En Alemania, donde la crisis de los refugiados se examina a través de la experiencia de un pasado ominoso, hay autores de relevancia, como Rüdiger Safranski o Peter Sloterdijk, que han sabido ofrecer matices que dan una mejor dimensión de la complejidad del asunto. Por ejemplo, Sloterdijk pronunció un dictamen bastante revelador: "el Estado ha cedido la soberanía a los refugiados", y añadió una frase no menos contundente: "no tenemos una obligación moral de destruirnos", en alusión a los alemanes, pero que se puede hacer extensiva a los europeos en general. En Gran Bretaña, han entendido lo que el filósofo germano quiso decir en la marginalidad del medio académico.
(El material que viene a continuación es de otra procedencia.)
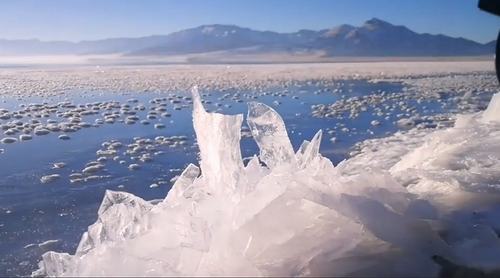 賽里木湖的冬天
Y, por supuesto, ya no es la coletilla de un pensador, por célebre que sea su figura, sino el motivo de una honda preocupación.

Los británicos vieron, antes que nadie, la posibilidad dibujada por el filósofo, el literato o la reportera porque fueron los que inicialmente desarrollaron, como medida integradora, el multiculturalismo. A resultas de él, se imponía por doquier el relativismo moral y cultural, como única vía para la convivencia social de los inmigrados de antiguas colonias o de los refugiados recién llegados. Y los problemas no tardaron en aparecer, por lo regular en forma de conflictos raciales, pero sin olvidar los originados entre las paredes de las escuelas, donde los principios del estado de derecho, el de las libertades individuales se daban de bruces con los de las identidades religiosas de los sentados en las aulas, primando estos últimos sobre aquéllos. Esta crisis de identidad volvía a señalar la raíz de la cuestión, que no era otra que Europa estaba permitiendo el socavamiento de los ideales ilustrados que la alumbraron desde las instituciones encargadas de transmitirlos. Un auténtico dislate.
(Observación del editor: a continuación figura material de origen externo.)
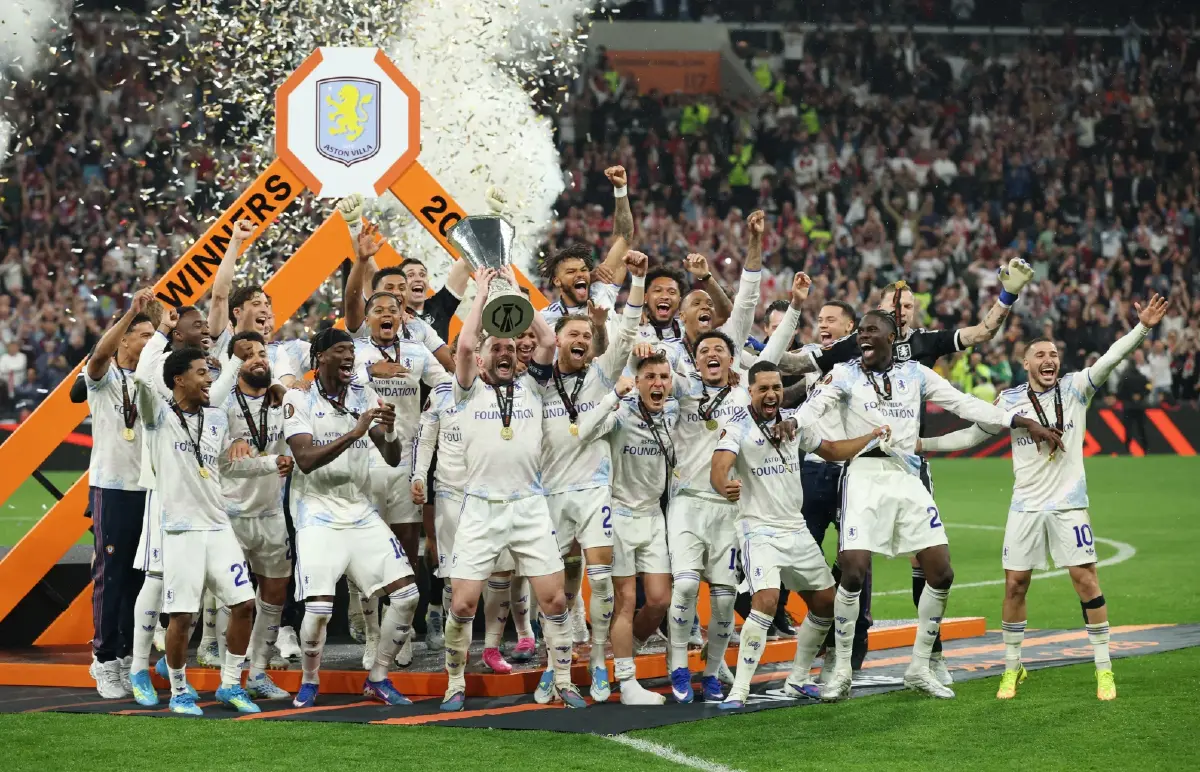 แอสตัน วิลล่า ถล่มไฟรบวร์ก 3-0 คว้าถ้วยยูโรปาลีก "เจ้าชายวิลเลียม" ร่วมฉลองปลดล็อก 30 ปีที่รอคอย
Al margen del factor económico, estos son los dos argumentos que se encuentran en el núcleo básico de la decisión de los británicos. Mucho se escribirá en torno a lo que ahora deja el brexit, pero lo que el fatuo progresismo nunca llegará a vetar es la soberanía popular ni tampoco el digno ejercicio de la libertad entre los individuos, por mucho que les duela a sus irredentos seguidores, ciegos a lo real, y a los que se les puede aplicar el sabio aforismo de Rusiñol: "quienes buscan la verdad merecen el castigo de encontrarla".